= QFX =

Raster graphics editor

QFX is an image editing computer program originally released in 1990 for MS-DOS and later ported to Windows. It was developed by Ron Scott, a Texan photographer and software engineer. At the time of its release, QFX was one of the most feature-rich image editing applications available for IBM PC compatibles. It was used by digital artists and image postproduction studios in the times when 1024x768 truecolor graphics were a luxury, before Photoshop became a standard professional tool.

==History==
The first version of QFX was released around 1990. It ran on PCs equipped with AT&T Truevision AT Vista and Targa ISA bus framebuffer graphics cards. Low end Targa cards were limited to 8 bits, but most were 24 bit with a hardware alpha channel; Vista cards were 24 bit, and capable of greater than video resolution. All could capture RGB video.

Early versions of QFX had no brushes; the program was used for image processing and color correction, rather than image creation, providing basic filters (blur, noise, glow etc.) that were a collection of MS-DOS programs that could be run from the command line and included in batch files. This functionality continued with all Targa and Vista versions of the program, and allowed operation on images with a resolution far greater than the graphics display device. Later Windows releases introduced an internal scripting facility that pre-dated Photoshop's actions by many years.
The early version ran on both Intel and DEC Alpha processors.

The program was popular with PC-based computer animators, who would often use QFX tools to composite multiple image layers for single-frame output to a video recorder or film recorder.

In 1991 the new version called Hires QFX priced around US$3500, provided additional features including brushes and expanded support for large image files.
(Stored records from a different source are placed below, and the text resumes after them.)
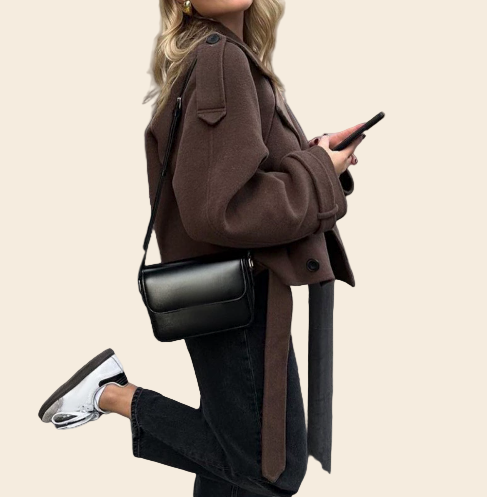 Layla | Cropped Winterjas – Diepbruin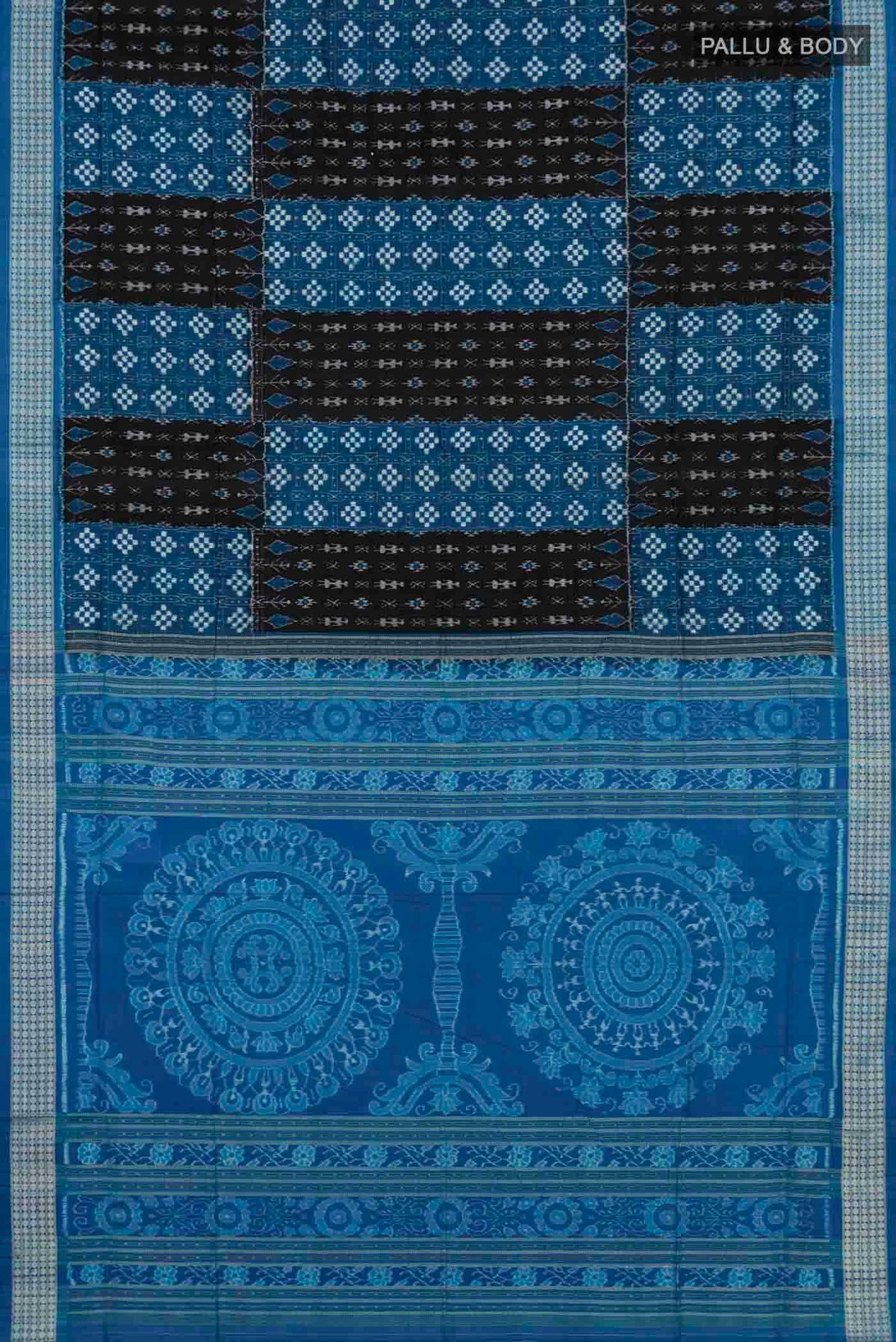 Flat view of Multi Color Orissa Silk Saree with Ikat design on the body and Thread Border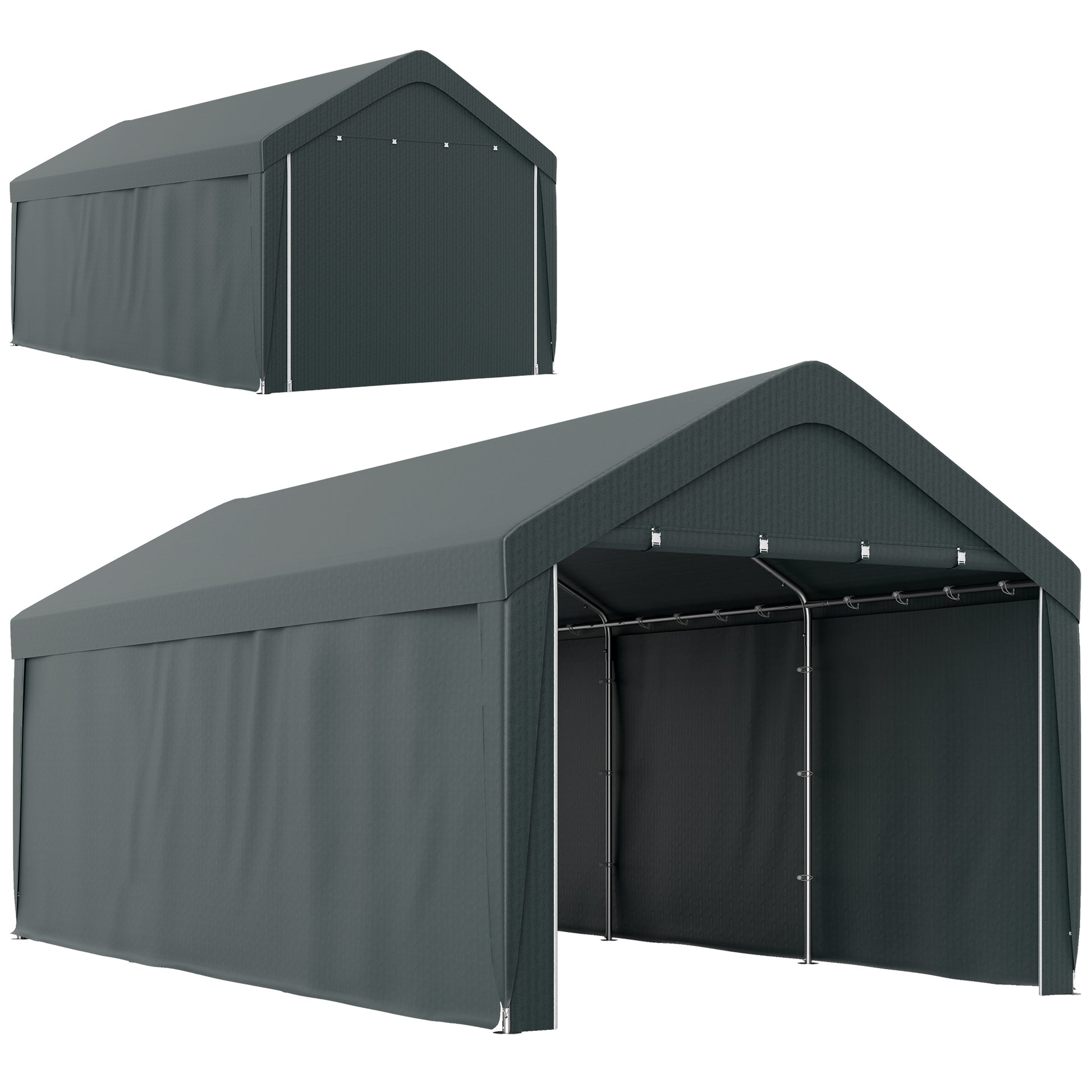 Outsunny Carpa Garaje 6x3 m Garaje Exterior para Coche Impermeable Cobertizo de Exterior Anti-UV con Paredes Laterales Desmontables y 2 Puertas con Cremallera Gris Oscuro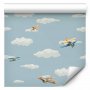 Tapetti - Illustration - Yellow-blue airplanes against a blue sky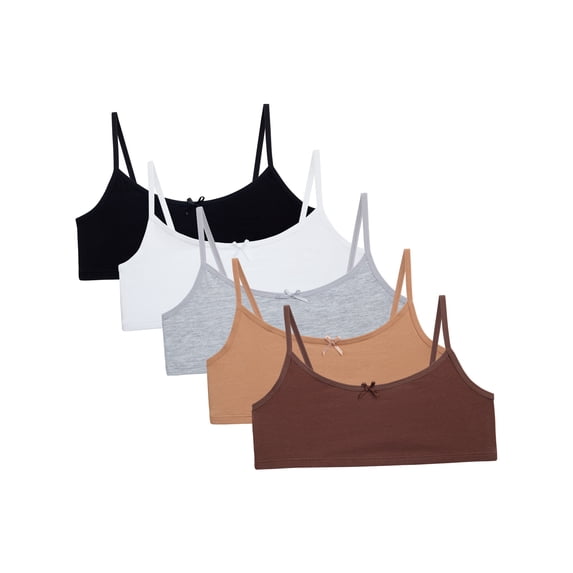 Sweet & Sassy Girls’ Training Bra – 5 Pack Cotton Stretch Crop Cami Bralette (S-L)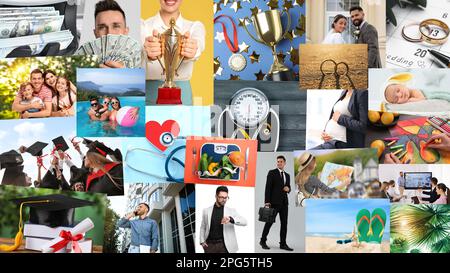 Conception du panneau de vision. Collage avec différentes photos représentant des rêves Banque D'Images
In that time the alternatives for professional digital image editing were over-200k-and-more-USD dedicated workstations like Quantel's Paintbox, Crossfield or Barco Creator software running on expensive SGI Power series multiprocessor boxes. QFX was one of the first multiprocessor optimized graphics programs. When running on dual processor systems, it would split the image in two, running half on each processor. Could use "all memory" without use of "memory manages" (QMM per example) through Motherboard's BIOS, when DOS can not handle more of 16MB!, and let user set the undo levels up to 999 years before others (aka; Photoshop) keep just one undo. Allow use customs icons for customs scripts!

The boom of DTP and the rapid advances in PC hardware in the mid-1990s changed the market for graphics software. Photoshop, windows oriented, less technical and cheaper solution for anybody proved to be a winning approach. QFX continued adding new features including a windows-based interface and CMYK handling, but was unable to compete with the lower-priced and increasingly feature-rich Photoshop.

==Present==
QFX was also the core code for a Computer Aided Jewelry Design System known as Digital Goldsmith, a 'paint' application which originally used an 'old' Tips Targa Plus format platform for image manipulation and architecture. Although the raster based DG, the core of which is a stripped-down QFX code, which Ron Scott modified appropriately with programming assistance from Kenton West, has moved on into the Computer Controlled Mill utilizing Nurb Design with GemVision's Matrix software, yet, one may find Digital Goldsmith as the 'photoshop', world-wide, in the Jewelry Custom Design industry. During the mid-1990s Gemvision's CEO/Founder Jeff High along with Kent West and Simon Lonergan assisted Ron Scott as extensive beta testers, macro designers for DG while further lending valuable support and testing for what has become today's QFX(the addition of a thumbnails browser, among many more written for the DG application even, etc...).